On Sunday, Jan. 12, the U.S. Department of Labor issued a final rule on liability for franchisors and companies that outsource services to staffing agencies. The new rule, which replaces a policy put in place by the Obama administration, makes it harder for employees to prove that these companies are legally responsible when a franchisee or staffing firm fails to pay the minimum wage or overtime.
The rule involves what are called “alternative work arrangements,” meaning those that differ from the traditional employer-employee relationship. According to the Associated Press, an estimated 14 million American workers are in non-traditional work relationships, at least to some extent.
The new rule touches on responsible how third-party hirers are when it comes to the behavior of an intervening company. For example, it clarifies when the McDonald’s Corporation can be held liable for the wage and hour violations of McDonald’s franchisees. Similarly, it applies to the liability of a company that outsources some employees when their staffing agency fails to pay the wages required by law.

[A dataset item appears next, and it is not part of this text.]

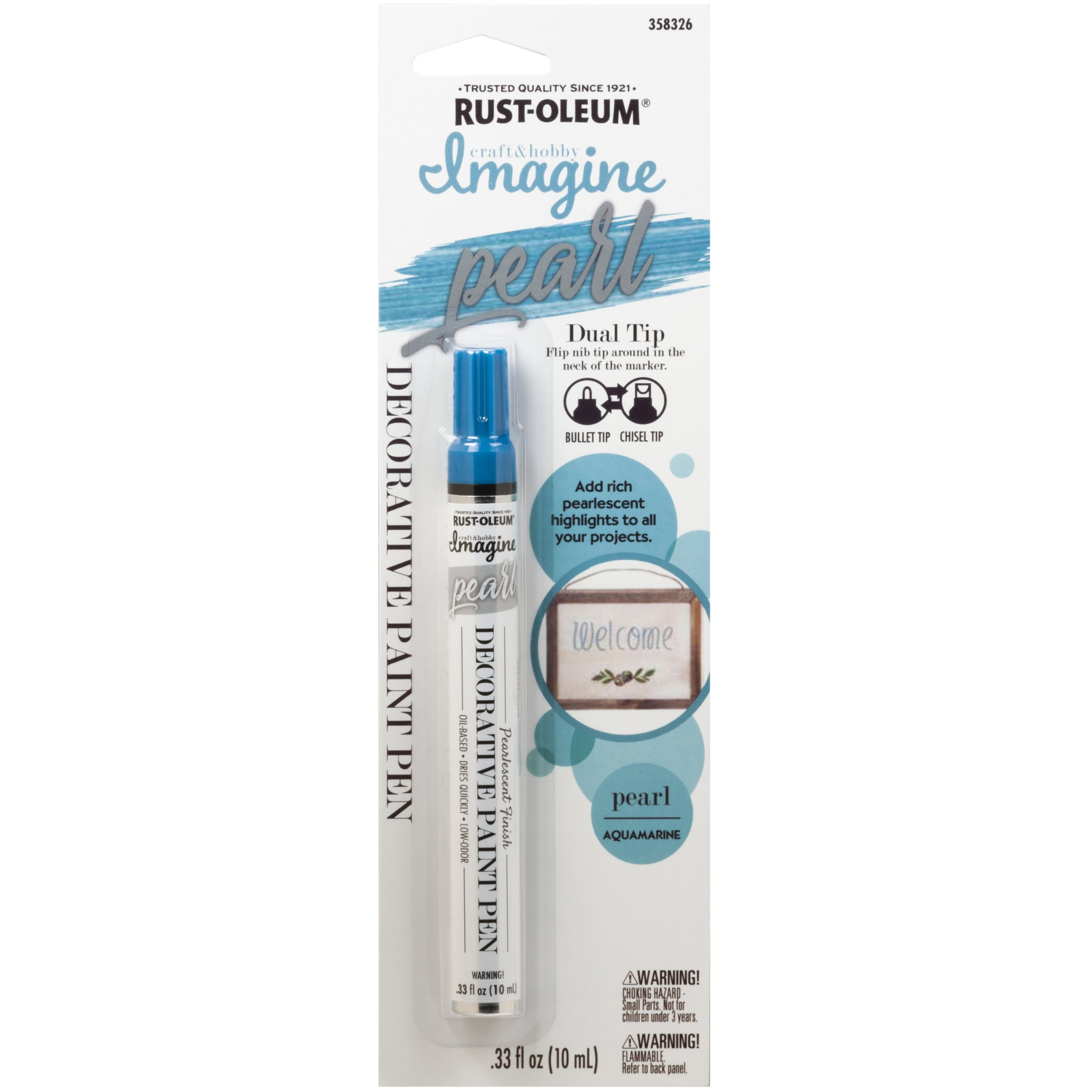 6 Pack, Aqua Pearl, Rust-Oleum Craft & Hobby Metallic Imagine Pearl Paint Pen- 358326, Markers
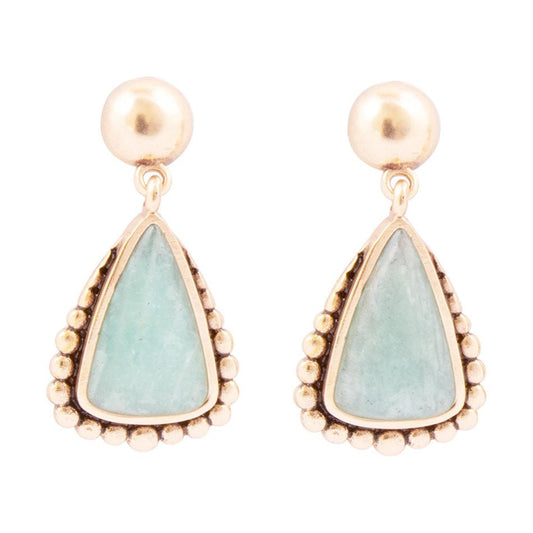Begondor Blue Amazonite Golden Post Drop Earrings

The question comes down to who is the employer
If a company like McDonald’s Corporation is to be held liable for the unlawful wage payment of a franchisee, it would have to be considered a joint employer with that franchisee. This means that it would have to exert a certain amount of control over how that franchisee treated its workers. When should a company be considered a joint employer?

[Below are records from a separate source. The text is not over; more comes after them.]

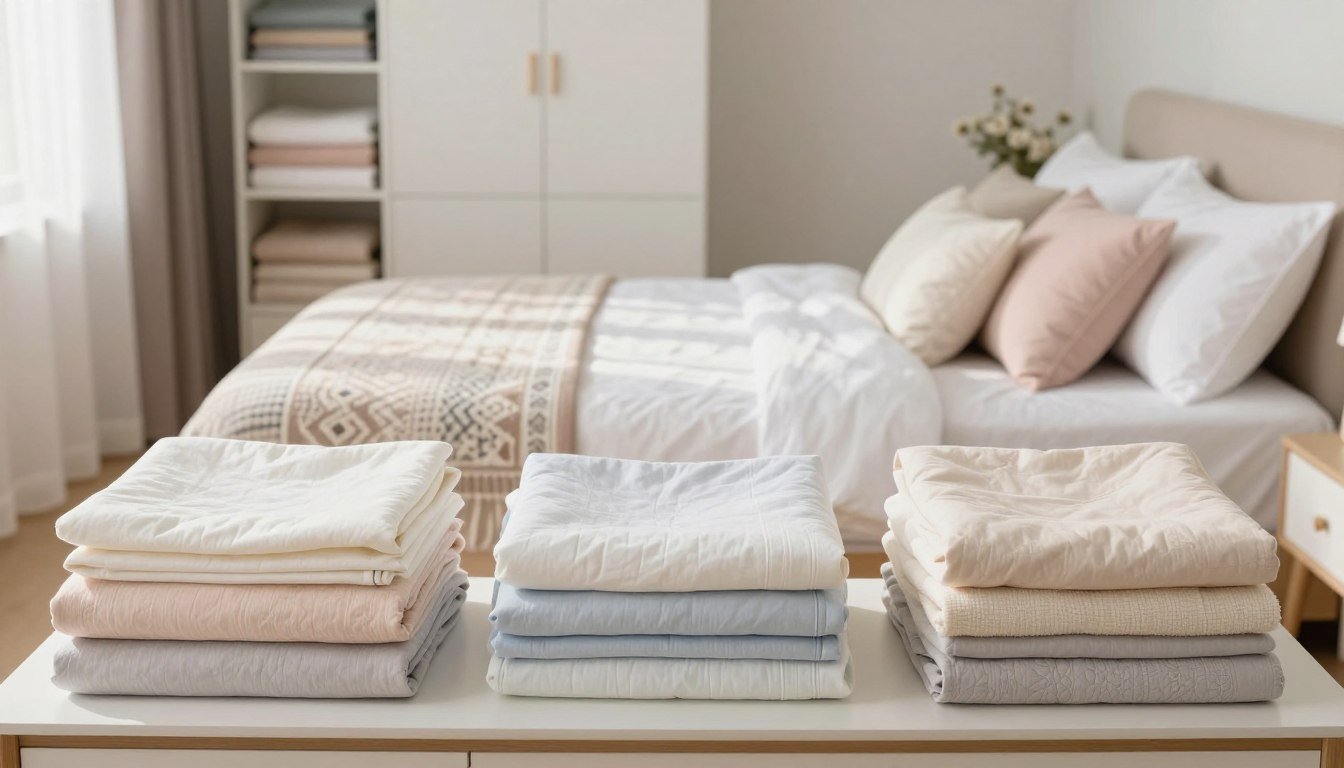 como organizar roupas de cama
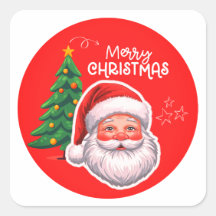 Cute Santa & Christmas Tree Sticker 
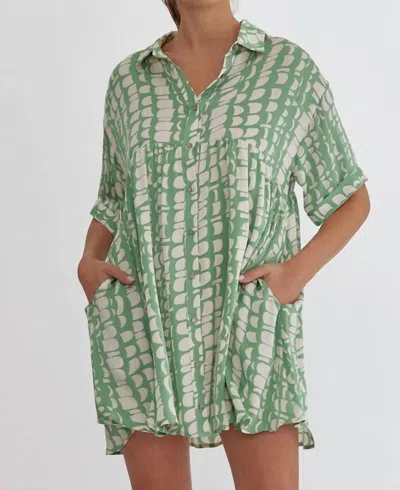 Shop Entro Satin Printed Shirt Dress In Green Tea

The new rule, taking effect on March 16, envisions a four-part test for when companies should be considered joint employers:
1. Can the company hire or fire employees?

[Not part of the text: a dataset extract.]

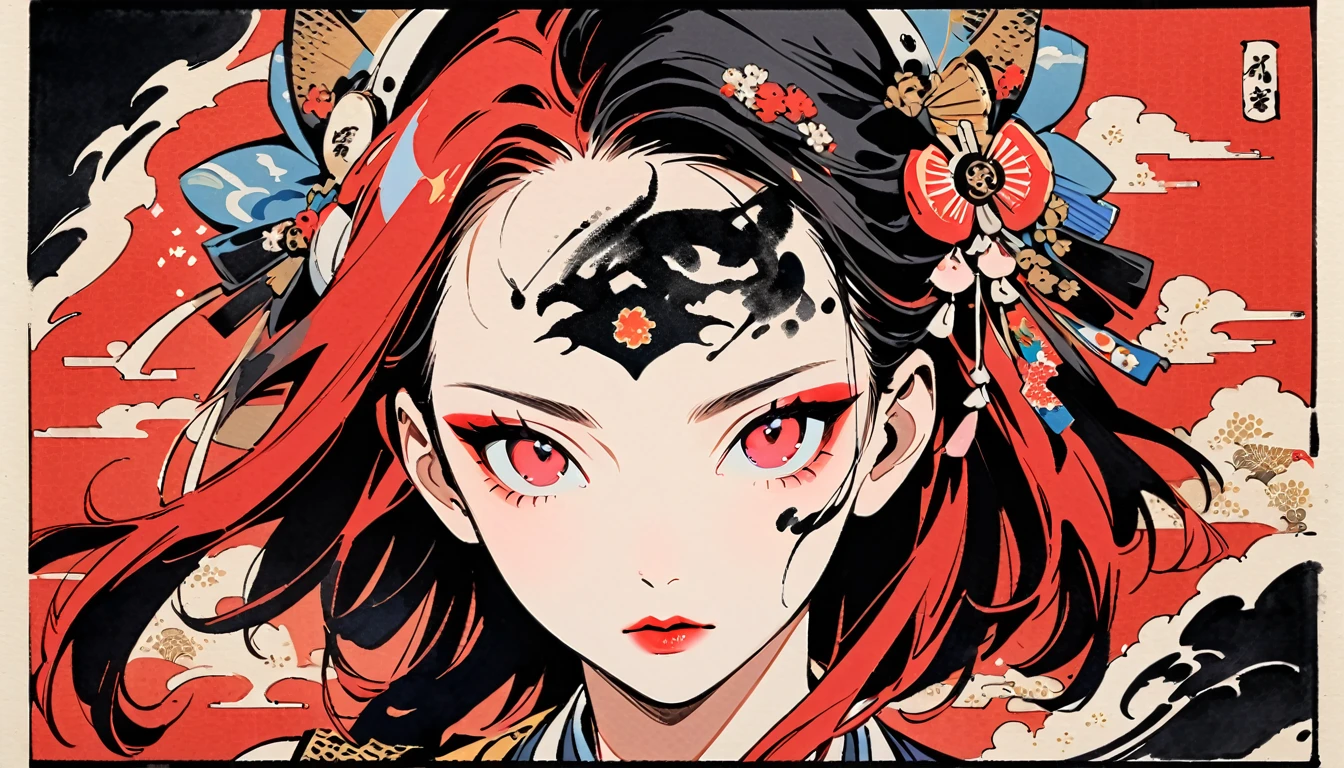 (((Ink Painting))), Fashion portrait color photos, (((1 girl))), (((Tattoo in the center of the forehead))), (((Very flashy hair accessories))), (((Very flashy makeup))), Japanese style headphones, devil, face close-up, front view, Japanese beautiful girl, red Hair, red eyes, Delicate and precise, Modern ukiyo-e style,Japan, Japanese flag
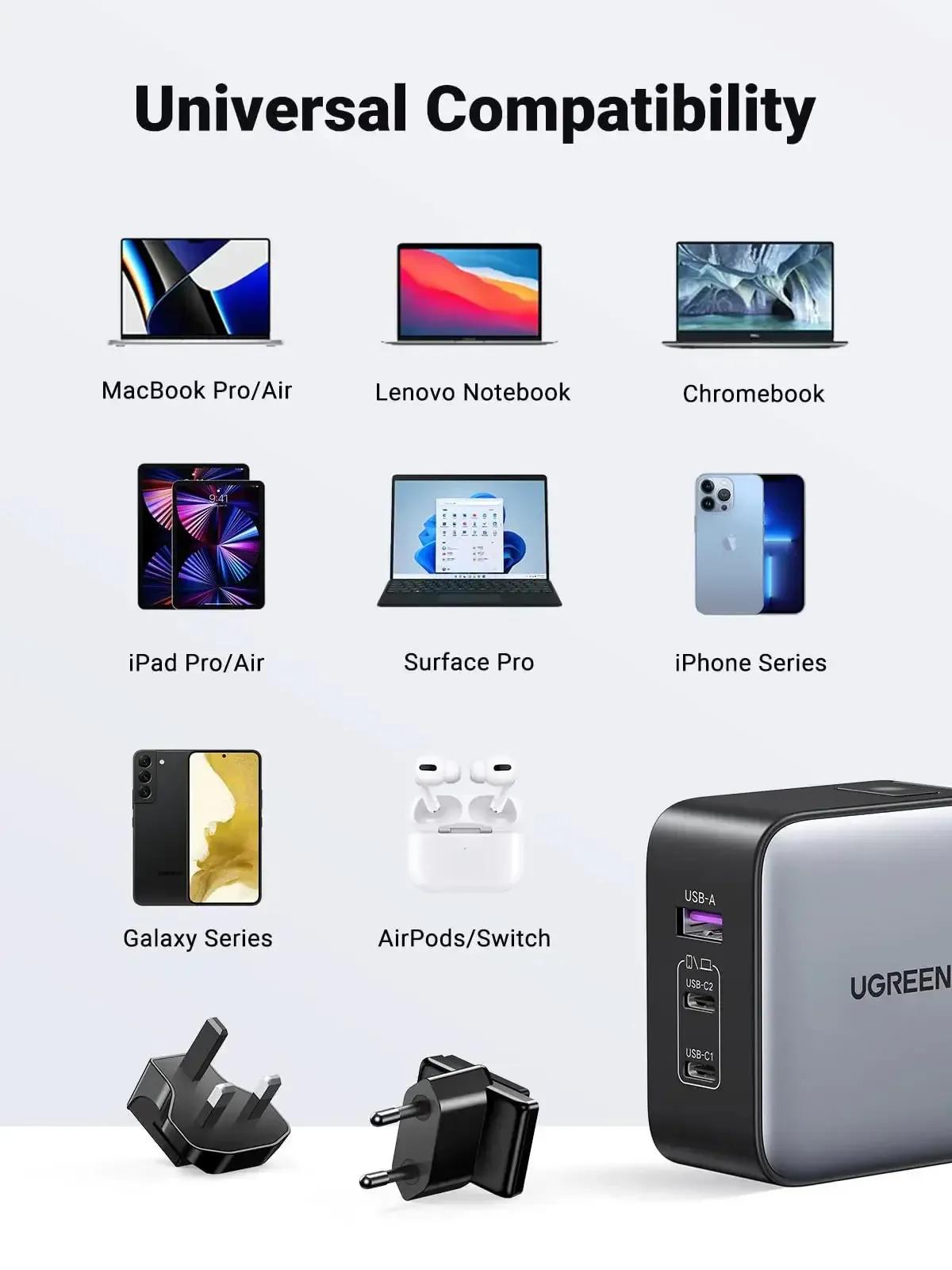 Carregador UGREEN Nexode 90409 (65 W - GaN - Cinzento), miniatura 3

2. Does the company supervise the employee’s work schedule?
3. Does the company set the employee’s pay?
4. Does the company maintain employment records?
According to a senior official at the Labor Department, a company does not need to meet all the tests for it to be considered a joint employer. Nor does the company’s business model determine whether it is a joint employer.
Under the previous rule, factors like the company’s business model and whether the employees were central to that model were also taken into account.
Franchisor group the International Franchise Association, welcomed the new rule. It complained that the Obama-era rule caused an increase in the number of wage and hour claims against franchisors. Meanwhile, a pro-labor group called the Economic Policy Institute pointed out that the new rule provides an incentive for companies to outsource.
It is likely that the new rule will result in fewer franchisors being held liable for wage and hour violations allegedly committed by their franchisees.